Server Rusak, Pembuatan E-KTP di Lampung Utara Terganggu
Feaby/Teraslampung.com Proses pembuatan E-KTP di Lampung Selatan (Ilustrasi/dok teraslampung.com) KOTABUMI–Sejumlah warga Lampung Utara mengeluhkan rusaknya sistem jaringan komputer dalam pelayanan Kartu Tanda Penduduk ekeltroni...
Feaby/Teraslampung.com
| Proses pembuatan E-KTP di Lampung Selatan (Ilustrasi/dok teraslampung.com) |
KOTABUMI–Sejumlah warga Lampung Utara mengeluhkan rusaknya sistem jaringan komputer dalam pelayanan Kartu Tanda Penduduk ekeltronik (E-KTP) sehingga proses pembuatan E-KTP menjadi tertunda.
“Saya sudah dari pekan lalu, mau buat E-KTP di Kecamatan tapi enggak bisa karena servernya (sistem komputer) rusak atau gangguan,” kata Dian, warga Kota Alam, Kotabumi Selatan, Selasa (8/9).
Menurut pihak Kecamatan, kata Dian, kerusakan atau gangguan pada server pelayanan E-KTP tersebut telah terjadi sejak dua pekan lalu. Pihak Kecamatan menyarankan dirinya untuk membuat KTP sementara di Dinas Kependudukan dan Catatan Sipil (Disdukcapil) bila memang sangat memerlukan KTP tersebut.
“Saya disarankan ke kantor Disdukcapil untuk buat KTP sementara,” terangnya.
Keluhan sama juga disampaikan oleh Hendri, warga Kota Alam lainnya. Ia mengaku KTP sementara yang dikeluarkan oleh Dinas Kependudukan dan Pencatatan Sipil (Disdukcapil) sempat tak mau diterima oleh pihak bank. Sebab, KTP sementara yang dikeluarkan oleh pihak Disdukcapil hanya berupa kertas selembar yang berisikan keterangan dirinya.
“Saya sempat berbantahan dengan pihak bank saat mau mencairkan uang pensiun ibu saya yang dikuasakan kepada saya,” kata dia.
Hendri mengatakan, meski pada akhirnya KTP sementara diterima oleh pihak Bank, namun pihak Bank tetap mewajibkan dirinya untuk segera melampirkan kembali E-KTP yang asli jika E-KTP-nya itu telah selesai dibuat. Pihak bank beralasan fotokopi untuk digunakan sebagai bahan laporan mereka.

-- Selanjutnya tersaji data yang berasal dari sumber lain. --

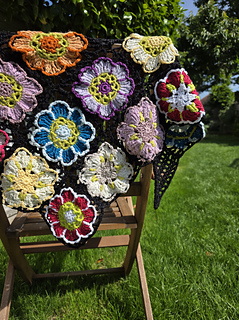 Black lace triangular shawl with bright floral granny squares draped over chair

“Pihak bank masih tetap mengharuskan saya melampirkan KTP yang asli kalau KTP saya sudah jadi nantinya,” ujarnya.
Kepala Disdukcapil, Azhar Ujang Salim membenarkan bahwa server E-KTP rusak sejak akhir Agustus. Kerusakan ini tak hanya terjadi di Lampung Utara melainkan terjadi di seluruh Indonesia.

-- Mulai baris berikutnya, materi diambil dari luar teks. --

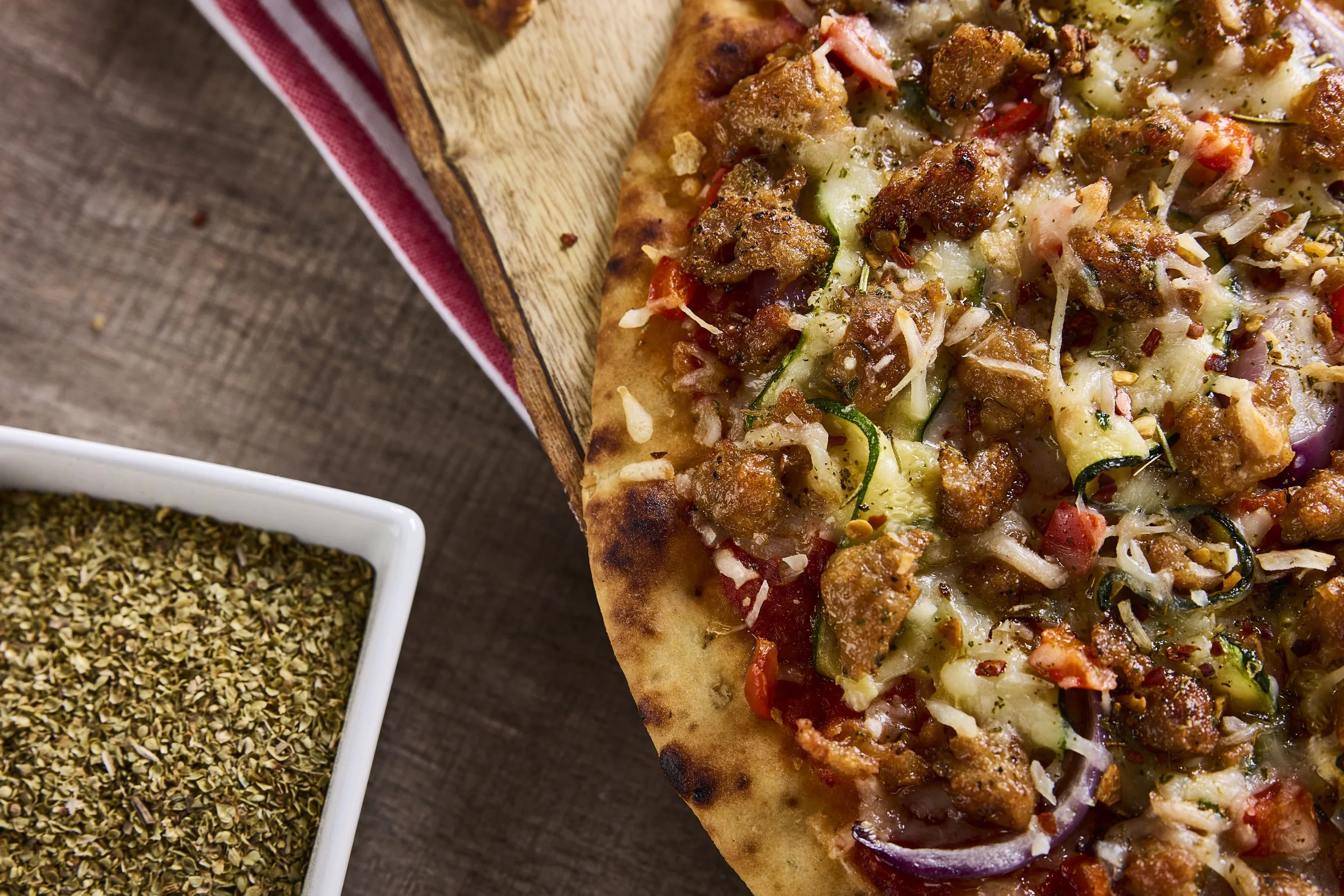 Close-up of a pizza topped with seasoned ground meat, cheese, tomato, onion, and zucchini, on a wooden surface.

“Pemerintah pusat sudah memberitahukan kepada kami bahwa server E-KTP mengalami gangguan secara nasional,” urai dia.
Lantaran kerusakan ini terjadi secara nasional, masih menurut Azhar Ujang Salim, dirinya tak dapat memastikan kapan server E-KTP akan dapat kembali pulih seperti sebelumnya. Namun, untuk mengatasai hal itu, pihaknya akan mengeluarkan KTP sementara jika memang masyarakat sangat memerlukan KTP.
“Kami tidak bisa pastikan kapan server-nya bisa pulih lagi. Tapi, masyarakat enggak perlu risau karena kami akan keluarkan KTP sementara jika memang masyarakat sangat memerlukan KTP,” papar Ujang.